But after 11 years, the tree is coming down to make way for new carpet, the addition of more interactive learning and activity stations and other updates, library officials announced.

Sunday will be the final time for kids to play in the tree, and the library is encouraging patrons to come have their pictures taken with it so it’s not forgotten. The library at 303 W. Second St. is open from 8 a.m. to 6 p.m. today, 9 a.m. to 5 p.m. Saturday and noon to 5 p.m. Sunday.

During the renovations, all children’s programs will be conducted in the library’s large meeting room.

Library director Julia Aker said it wasn’t an easy decision to remove the tree, and it will be missed.

“Unfortunately, it is made of foam and will disintegrate if it is moved at all,” Aker said. “There is no way to put the carpet in around it.
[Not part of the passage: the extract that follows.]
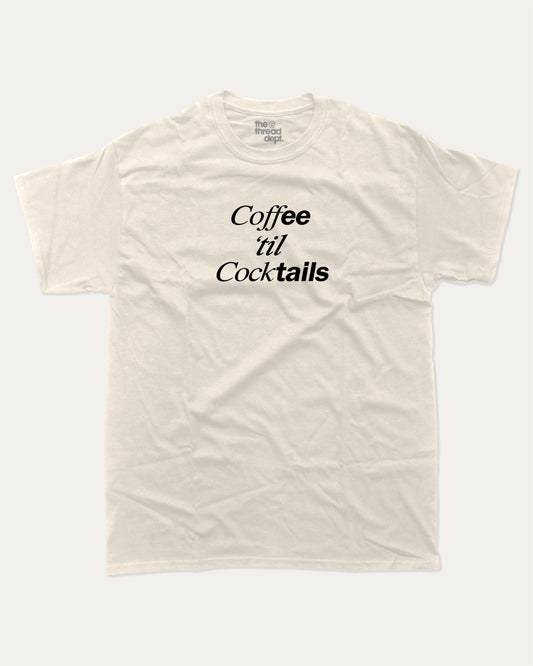 Coffee Til Cocktails graphic tee with bold and humorous print, Perfect Gift to Coffee Lover, Caffeine Graphic T shirt, funny and trendy graphic. Perfect for adults and gift-giving. Cream shirt.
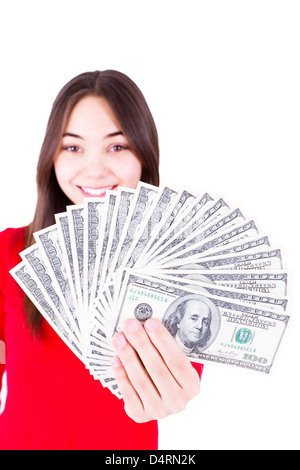 Money In Teenager Hands, Teenager holding and showing all one hundred dollar banknotes in her red shirt with a sweet smile. Stock Photo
The top of it has already shifted away from the ceiling.”

In late 2012, the tree had to undergo emergency repairs costing $2,800, some of which was paid for by the Friends of the Jackson County Public Library group.

The tree originally cost $14,100 but would cost more than $20,000 to replace, Aker said.

Many people were saddened to hear the news and made suggestions the library replace the tree with a new one.

“We discussed replacing it, but where it currently is also blocks the sight lines from the help desk,” Aker said. “We are getting new items to put in that area that staff can see around and over and not spending that much money.”

Megan White of Seymour said her 2-year-old twins have enjoyed the tree during their many trips to the library.

“That is one of the best parts about our library, for sure,” she said.

What many people don’t know about the tree is it is a replica of an English copper beech tree that once stood at Walnut and Fourth streets in front of the Cartmel, Kirtley and Stuckwisch dental office.

That tree, which was 150 years old and thought to be the last of its kind in the state, was struck by lightning and removed in October 2005, just a couple of months after the library installed its replica tree.

Aker said she suggested the idea of the tree for the children’s department because there was a trend for libraries to have interactive features.

At one point, there was discussion about installing a train children could ride, but the tree seemed like a better idea, she said.

Darlene Beavers of Seymour also hated to hear the tree was coming down.

“I used to sit inside it and read books to kids, even if they weren’t my kids,” she said.

Longtime library youth services employee Shannon Sumner recalled when the tree was being installed.

“I remember it being in sections when the library first got it and laughing uncontrollably because I kept thinking that the tree would never fit inside the building, but I was proven wrong,” she said.

She also said the tree made it difficult to vacuum and was a tripping hazard. Regardless, she will miss it, she said.